Vision bluriness I don’t know much about vision so I hope one of you guys could clarify me…
When people who have vision problems look at an object without their glasses, they’ll see this object with a certain level of blurriness right?
Now if I take someone who has a perfect vision, I tell him to watch an image displayed on a screen that was purposely blurred, could this person see the original and sharp image if he would use glasses with a certain strength? I know the image would have to be blurred in a special way but still…would it be possible?
 A: Assuming that the blurring is intrinsic to the image (i.e. it's displayed on a computer screen and the blurring was done by software, or, say, that it's a photograph of an object through an imperfectly-focused lens), then no, no amount of optical correction will bring the original image back into focus.
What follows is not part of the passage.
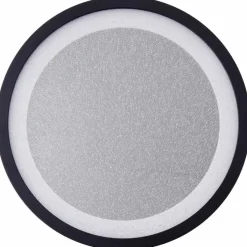 LED-Deckenleuchte Mosako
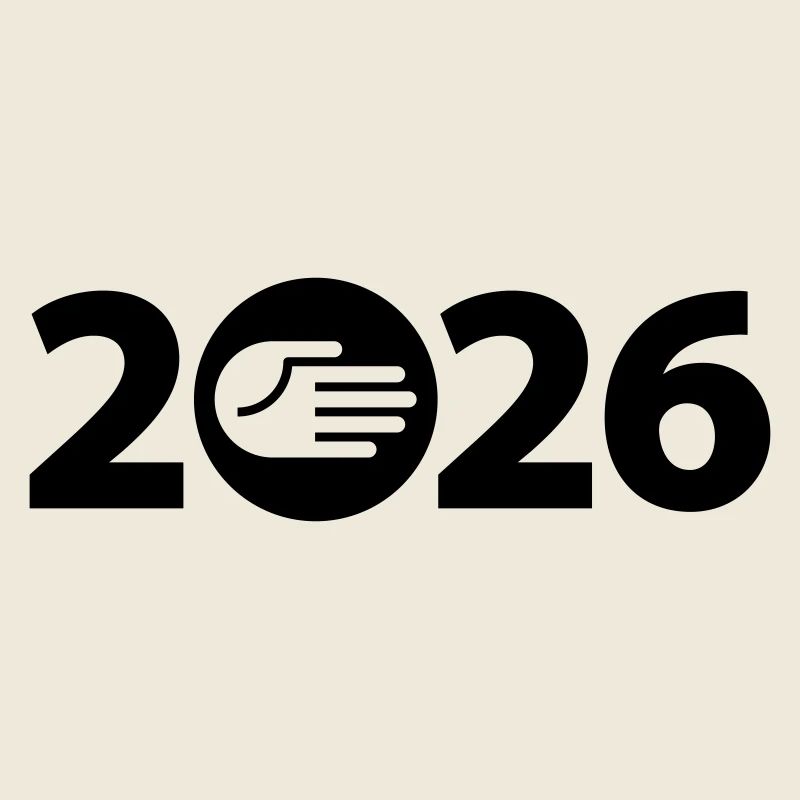 Hallo, Freundschaft 2026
The information about that original image is lost, and simply cannot be recovered.
When we see blurry images because of imperfect vision, it means that point sources in the object are not focused into point images in our retina, producing instead a blur with multiple points receiving light, but the information is still present, as each of those points will be hit by light coming from a different direction. That's what allows optical correction to work.
In your scheme, this is no longer the case, so optical correction won't work. The image is already at its optimal sharpness, and adding optical correction either way will just make the image blurrier (or, more realistically, it will force the eye's lens to do more effort to keep it at its minimal, nonzero blurriness).